What is the maximum size of an ADF document? i.e. Should we use a streaming parser?

aragot · June 12, 2020, 3:10pm

For our Confluence Cloud addon, we have to implement ADF parsers. We’re worried about loading the whole ADF documents upfront in memory when we want to transform them. Is there a maximum size for an ADF document?

We have difficulty programming a parser which uses Java streams (I’m talking about Collections’s streams, not IO streams), because ADF does not specify the order of the “type” property in nodes. Example:

{
  "type": "table",
  "attrs": {...},
  "content": [...all_my_rows...]
}

In the above excerpt, I know the type is “table” so I can reinitialize all my variable and parse each row of the table without having to wait for the closing bracket of the table node.

But in the following excerpt, I have to keep everything in memory, and wait until the end to know that it was, in fact, a table:

{
  "attrs": {...},
  "content": [...all_my_rows...],
  "type": "table"
}

The order is not specified, and the same situation happens for every element, so I need to load the whole DOM in memory before I can work. I can only load the full DOM if the maximum document size is constrained.

Thank you,
Adrien

dmorrow · June 12, 2020, 11:19pm

Hi @aragot,

I see your conundrum. I’ll reach out to the editor team to see if there is a size limit and how they parse ADF.

Regards,
Dugald

dmorrow · June 15, 2020, 3:25am

Hi @aragot,

Confluence utilises a platform service to store ADF. This service specifies a limit in the size of the ADF, but the Confluence API doesn’t specify this limitation so I recognise that it is difficult for you to rely on it. Because of this, I’ve created [CONFCLOUD-70224] The existing ADF contract is inadequate to rigorously parse - Create and track feature requests for Atlassian products..

Between you an me, the ADF size limit specified by the internal service is 25 MB .

Regards,
Dugald

aragot · June 15, 2020, 11:51am

Hi Dugald,

Thank you very much for your research. Do you know whether Confluence uses a streaming API to parse ADF? Or do they build a whole model in memory of the entire document?
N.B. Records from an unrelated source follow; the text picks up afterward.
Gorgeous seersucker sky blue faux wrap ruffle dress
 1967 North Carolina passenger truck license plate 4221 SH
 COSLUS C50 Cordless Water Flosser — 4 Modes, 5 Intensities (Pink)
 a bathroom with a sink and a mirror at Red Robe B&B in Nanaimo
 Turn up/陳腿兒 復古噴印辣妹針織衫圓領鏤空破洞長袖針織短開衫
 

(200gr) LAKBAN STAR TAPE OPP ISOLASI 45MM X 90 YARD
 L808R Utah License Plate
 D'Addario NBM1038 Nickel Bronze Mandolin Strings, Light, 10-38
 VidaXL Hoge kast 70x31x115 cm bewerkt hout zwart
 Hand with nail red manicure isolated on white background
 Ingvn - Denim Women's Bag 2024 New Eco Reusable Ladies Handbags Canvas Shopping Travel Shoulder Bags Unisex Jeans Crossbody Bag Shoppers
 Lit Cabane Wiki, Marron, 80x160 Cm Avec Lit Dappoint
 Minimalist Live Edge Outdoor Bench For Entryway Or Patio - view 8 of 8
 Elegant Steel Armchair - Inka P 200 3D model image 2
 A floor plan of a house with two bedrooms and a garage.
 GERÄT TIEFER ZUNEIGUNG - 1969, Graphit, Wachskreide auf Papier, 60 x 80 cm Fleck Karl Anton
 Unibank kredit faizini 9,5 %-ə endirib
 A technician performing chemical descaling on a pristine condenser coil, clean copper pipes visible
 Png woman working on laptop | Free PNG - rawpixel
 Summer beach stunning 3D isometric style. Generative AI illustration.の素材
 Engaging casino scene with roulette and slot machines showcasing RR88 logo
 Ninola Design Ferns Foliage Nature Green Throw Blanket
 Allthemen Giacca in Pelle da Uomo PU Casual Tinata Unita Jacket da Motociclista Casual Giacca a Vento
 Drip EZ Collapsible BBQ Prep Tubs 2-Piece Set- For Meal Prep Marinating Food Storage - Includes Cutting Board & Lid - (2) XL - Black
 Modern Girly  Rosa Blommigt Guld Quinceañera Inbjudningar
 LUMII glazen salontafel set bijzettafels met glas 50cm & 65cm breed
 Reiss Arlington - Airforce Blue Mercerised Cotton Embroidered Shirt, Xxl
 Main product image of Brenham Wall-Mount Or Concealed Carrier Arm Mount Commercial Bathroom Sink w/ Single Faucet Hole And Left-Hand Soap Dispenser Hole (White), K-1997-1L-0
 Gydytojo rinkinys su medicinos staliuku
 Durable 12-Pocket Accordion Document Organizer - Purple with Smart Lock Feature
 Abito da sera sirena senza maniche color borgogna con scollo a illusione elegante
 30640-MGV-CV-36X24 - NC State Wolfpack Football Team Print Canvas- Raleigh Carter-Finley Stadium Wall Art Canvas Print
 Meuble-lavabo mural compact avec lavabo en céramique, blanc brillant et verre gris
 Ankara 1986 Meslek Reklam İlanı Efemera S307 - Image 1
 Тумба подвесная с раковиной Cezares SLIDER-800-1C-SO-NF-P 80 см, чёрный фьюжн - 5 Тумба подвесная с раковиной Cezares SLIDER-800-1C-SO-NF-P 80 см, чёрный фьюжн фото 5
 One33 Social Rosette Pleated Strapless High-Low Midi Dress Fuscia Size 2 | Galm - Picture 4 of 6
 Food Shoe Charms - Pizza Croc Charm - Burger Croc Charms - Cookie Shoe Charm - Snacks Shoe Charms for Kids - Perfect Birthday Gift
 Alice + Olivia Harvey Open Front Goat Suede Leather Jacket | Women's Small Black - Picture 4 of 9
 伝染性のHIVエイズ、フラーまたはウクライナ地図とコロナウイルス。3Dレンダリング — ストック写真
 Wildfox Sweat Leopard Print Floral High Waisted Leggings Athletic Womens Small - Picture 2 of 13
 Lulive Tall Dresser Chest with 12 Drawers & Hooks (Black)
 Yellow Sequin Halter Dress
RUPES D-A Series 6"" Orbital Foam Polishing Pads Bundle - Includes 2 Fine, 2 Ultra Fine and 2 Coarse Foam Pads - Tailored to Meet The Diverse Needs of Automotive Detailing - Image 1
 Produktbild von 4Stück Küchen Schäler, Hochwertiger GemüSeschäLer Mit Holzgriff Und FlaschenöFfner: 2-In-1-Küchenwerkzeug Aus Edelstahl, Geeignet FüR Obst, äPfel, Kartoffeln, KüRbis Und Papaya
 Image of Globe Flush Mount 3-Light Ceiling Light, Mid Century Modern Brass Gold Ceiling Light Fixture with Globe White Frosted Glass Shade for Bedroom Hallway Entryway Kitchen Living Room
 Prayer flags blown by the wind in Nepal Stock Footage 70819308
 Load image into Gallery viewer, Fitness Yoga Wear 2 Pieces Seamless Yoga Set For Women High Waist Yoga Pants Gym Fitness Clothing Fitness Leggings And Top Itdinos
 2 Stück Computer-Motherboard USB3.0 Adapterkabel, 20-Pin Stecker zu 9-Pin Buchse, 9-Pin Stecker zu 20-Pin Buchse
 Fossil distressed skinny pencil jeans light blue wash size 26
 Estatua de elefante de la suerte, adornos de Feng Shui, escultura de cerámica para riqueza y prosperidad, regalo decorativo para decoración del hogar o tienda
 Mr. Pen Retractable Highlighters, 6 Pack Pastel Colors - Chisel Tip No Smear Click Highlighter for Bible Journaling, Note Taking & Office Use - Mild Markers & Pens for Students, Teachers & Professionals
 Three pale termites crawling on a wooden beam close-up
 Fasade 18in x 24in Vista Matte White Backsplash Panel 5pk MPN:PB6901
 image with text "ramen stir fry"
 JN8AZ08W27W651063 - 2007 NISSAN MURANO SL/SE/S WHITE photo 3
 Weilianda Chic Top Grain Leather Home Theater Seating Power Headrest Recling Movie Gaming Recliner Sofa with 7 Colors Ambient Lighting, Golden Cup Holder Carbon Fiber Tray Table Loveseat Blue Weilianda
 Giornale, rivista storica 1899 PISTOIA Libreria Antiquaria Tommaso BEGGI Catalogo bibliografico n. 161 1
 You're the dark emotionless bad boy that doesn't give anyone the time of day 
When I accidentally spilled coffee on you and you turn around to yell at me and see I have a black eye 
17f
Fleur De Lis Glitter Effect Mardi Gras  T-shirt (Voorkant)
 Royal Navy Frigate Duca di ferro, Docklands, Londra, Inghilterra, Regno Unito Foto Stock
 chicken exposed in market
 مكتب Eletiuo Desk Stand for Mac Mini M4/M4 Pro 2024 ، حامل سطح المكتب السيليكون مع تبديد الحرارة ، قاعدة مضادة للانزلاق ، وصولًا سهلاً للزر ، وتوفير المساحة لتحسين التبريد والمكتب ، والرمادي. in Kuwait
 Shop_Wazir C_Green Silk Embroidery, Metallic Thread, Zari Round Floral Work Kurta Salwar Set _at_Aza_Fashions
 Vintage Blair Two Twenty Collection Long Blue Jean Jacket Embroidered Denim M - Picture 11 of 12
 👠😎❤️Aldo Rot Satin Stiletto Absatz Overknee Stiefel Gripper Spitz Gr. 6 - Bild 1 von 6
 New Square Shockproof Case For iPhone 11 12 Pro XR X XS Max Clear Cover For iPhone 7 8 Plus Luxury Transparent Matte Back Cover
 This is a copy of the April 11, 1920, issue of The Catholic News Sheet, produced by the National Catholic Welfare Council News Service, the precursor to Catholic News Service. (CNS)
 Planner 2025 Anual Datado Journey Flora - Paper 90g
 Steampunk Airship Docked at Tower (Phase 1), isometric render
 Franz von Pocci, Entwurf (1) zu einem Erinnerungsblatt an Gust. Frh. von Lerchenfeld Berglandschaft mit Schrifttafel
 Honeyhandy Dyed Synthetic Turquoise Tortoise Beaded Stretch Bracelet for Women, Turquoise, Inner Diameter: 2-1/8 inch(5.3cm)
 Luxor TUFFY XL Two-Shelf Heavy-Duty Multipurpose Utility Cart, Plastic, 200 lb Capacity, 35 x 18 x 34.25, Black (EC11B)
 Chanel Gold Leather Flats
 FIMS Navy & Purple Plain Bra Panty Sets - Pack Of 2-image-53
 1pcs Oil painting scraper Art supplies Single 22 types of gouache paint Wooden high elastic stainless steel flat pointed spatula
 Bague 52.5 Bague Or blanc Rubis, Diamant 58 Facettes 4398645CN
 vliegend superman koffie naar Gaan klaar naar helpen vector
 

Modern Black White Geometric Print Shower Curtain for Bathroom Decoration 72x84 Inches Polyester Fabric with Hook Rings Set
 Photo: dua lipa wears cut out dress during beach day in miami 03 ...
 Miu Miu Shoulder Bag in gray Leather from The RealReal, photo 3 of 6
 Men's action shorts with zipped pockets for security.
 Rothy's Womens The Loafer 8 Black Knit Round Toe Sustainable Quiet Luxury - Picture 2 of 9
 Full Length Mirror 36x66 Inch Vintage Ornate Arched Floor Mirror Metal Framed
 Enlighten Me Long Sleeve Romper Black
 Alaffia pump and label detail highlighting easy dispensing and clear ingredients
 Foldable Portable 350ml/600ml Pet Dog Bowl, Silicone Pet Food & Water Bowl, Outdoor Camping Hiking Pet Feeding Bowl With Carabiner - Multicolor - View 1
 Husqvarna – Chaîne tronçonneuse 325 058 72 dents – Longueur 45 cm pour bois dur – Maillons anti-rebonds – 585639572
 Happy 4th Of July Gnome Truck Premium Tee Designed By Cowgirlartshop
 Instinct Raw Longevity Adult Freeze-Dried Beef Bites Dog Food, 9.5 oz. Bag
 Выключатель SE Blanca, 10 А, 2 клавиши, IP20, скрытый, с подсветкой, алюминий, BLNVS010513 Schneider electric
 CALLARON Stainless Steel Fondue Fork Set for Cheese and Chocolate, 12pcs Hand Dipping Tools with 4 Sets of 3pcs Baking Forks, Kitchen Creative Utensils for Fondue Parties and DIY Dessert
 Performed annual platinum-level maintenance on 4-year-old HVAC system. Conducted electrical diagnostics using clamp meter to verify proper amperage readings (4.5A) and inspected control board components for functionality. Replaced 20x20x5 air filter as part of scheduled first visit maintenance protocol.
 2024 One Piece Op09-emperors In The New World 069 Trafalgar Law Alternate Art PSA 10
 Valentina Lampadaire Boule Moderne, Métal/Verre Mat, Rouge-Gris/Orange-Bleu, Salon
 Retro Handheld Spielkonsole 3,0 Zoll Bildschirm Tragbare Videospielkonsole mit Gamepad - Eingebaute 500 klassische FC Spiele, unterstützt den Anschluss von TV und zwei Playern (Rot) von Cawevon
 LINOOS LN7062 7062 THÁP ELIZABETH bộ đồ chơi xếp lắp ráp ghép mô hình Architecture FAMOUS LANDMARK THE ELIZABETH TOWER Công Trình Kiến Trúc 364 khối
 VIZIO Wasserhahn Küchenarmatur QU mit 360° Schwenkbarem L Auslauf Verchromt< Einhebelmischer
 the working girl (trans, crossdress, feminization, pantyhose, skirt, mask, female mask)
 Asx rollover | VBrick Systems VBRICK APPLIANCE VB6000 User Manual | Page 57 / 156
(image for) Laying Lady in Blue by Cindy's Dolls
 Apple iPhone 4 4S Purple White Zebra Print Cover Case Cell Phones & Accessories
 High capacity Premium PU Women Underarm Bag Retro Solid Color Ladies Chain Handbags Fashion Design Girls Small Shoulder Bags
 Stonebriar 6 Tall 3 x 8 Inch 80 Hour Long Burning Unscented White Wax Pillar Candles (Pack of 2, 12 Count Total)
If we are close to their implementation, at least we can respond to changes more easily.
Best regards,
Adrien

dmorrow · June 15, 2020, 12:13pm

Hi @aragot,

I didn’t actually investigate which method is used by Confluence to parse ADF. I’ll get to this shortly.

Regards,
Dugald

dmorrow · June 16, 2020, 3:56am

Hi @aragot,

According to the development team, we load the entire ADF document into memory and then parse it.

Regards,
Dugald